The Blass Letter’s concern about the ability of retail investors to fully comprehend the risks associated with crypto investments appears to take its cue from the SEC’s analysis of certain types of conflicts of interest that “may be of a nature and extent that it would be difficult to provide disclosure that adequately conveys the material facts or the nature, magnitude and potential effect of the conflict necessary to obtain informed consent and satisfy an adviser’s fiduciary duty. In other cases, disclosure may not be specific enough for clients to understand whether and how the conflict will affect the advice they receive. With some complex or extensive conflicts, it may be difficult to provide disclosure that is sufficiently specific, but also understandable, to the adviser’s clients.”[3]
In other words, the SEC staff may be arguing in the Blass Letter that, just as there are certain conflicts of interest that may effectively be “beyond disclosure,” no disclosure regarding the risks associated with investing in crypto assets could ever be made in a manner that a retail investor can fully comprehend and that, as a result, it is never appropriate for an adviser to invest a retail client’s portfolio in (or recommend that a retail investor invest in) crypto assets.
If this is what the Blass Letter is arguing, I believe it has missed the mark. At the time the Blass Letter was written, the SEC staff was well aware that retail investors were significantly involved in acquiring crypto assets. As early as July 2013, the SEC issued its first “investor alert”—clearly addressed to retail investors—warning them about the potential risks associated with investing in crypto assets. By the time the Blass Letter was written, the SEC, FINRA, NASAA, the CFTC, the NFA and the CFPB had issued at least 21 more such alerts—all of which were clearly addressed to retail investors and many of which described those risks, in detail, in “plain English.” (A list of the various “investors alerts” published by these agencies to date can be found here.)
In light of this, I think it is difficult to argue that advisers should not invest in the crypto space on behalf of their retail clients because the associated risks can never be disclosed in a manner that a retail investor can fully comprehend.

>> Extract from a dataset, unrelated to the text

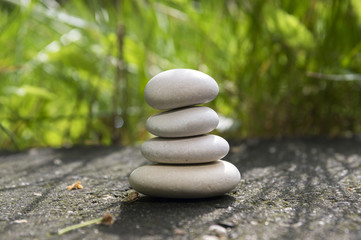 Fototapeta na wymiar Harmony and balance, simple pebbles tower in the grass, simplicity, four stones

If the SEC and other financial regulators believe they are able to formulate crypto risk disclosure that retail investors can comprehend, what reason is there to believe that an adviser could not do the same?

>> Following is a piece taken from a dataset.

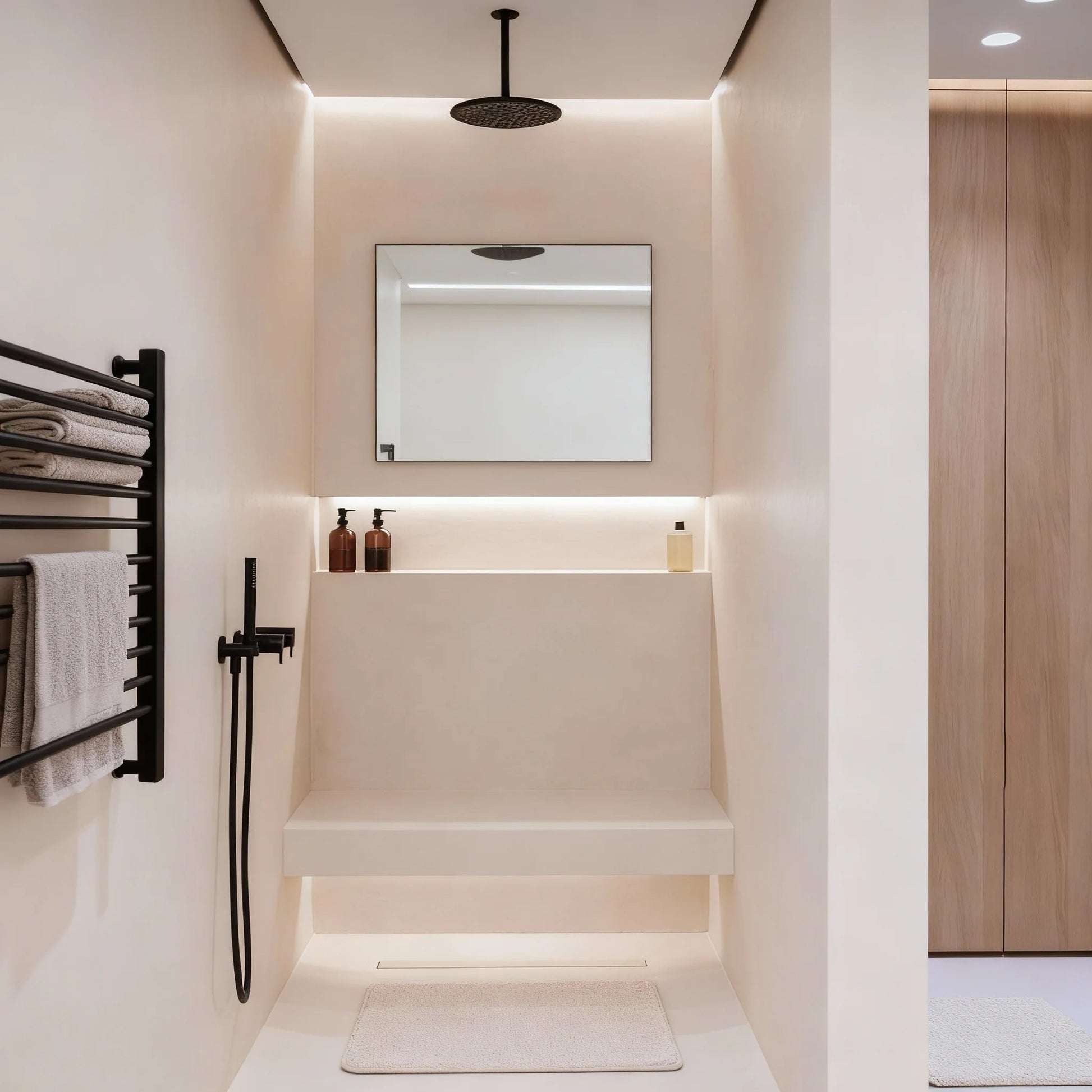 Ducha de obra con microcemento color Blanco Roto con banco integrado, grifería negra y luz indirecta cálida.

[1]Although the Blass Letter notes that it addresses issues raised by funds that potentially focus on cryptocurrency-related products, it goes on to say that “other types of digital assets and related products could present similar issues.”
[2]The Blass Letter notes that: (1) SEC Chairman Jay Clayton has publicly stated that concerns have been raised that cryptocurrency markets, as they are currently operating, feature substantially less investor protection than traditional securities markets, with correspondingly greater opportunities for fraud and manipulation; (2) the SEC has also discussed concerns relating to the risk of fraud and manipulation in cryptocurrency markets in orders denying exchange proposals to list the shares of commodity trusts that would hold cryptocurrency; (3) a number of recent media reports have highlighted a range of possible vectors for potential manipulation of cryptocurrency markets; and (4) although some funds may propose to hold cryptocurrency-related products, rather than cryptocurrencies, the pricing, volatility and resiliency of these derivative markets generally would be expected to be strongly influenced by the underlying markets.
We will specifically address crypto risk disclosure in a subsequent post on this blog.
[3]See IAA Release No. 4889 (Apr. 18, 2018) at pp. 17-18.
This entry has been created for information and planning purposes. It is not intended to be, nor should it be substituted for, legal advice, which turns on specific facts.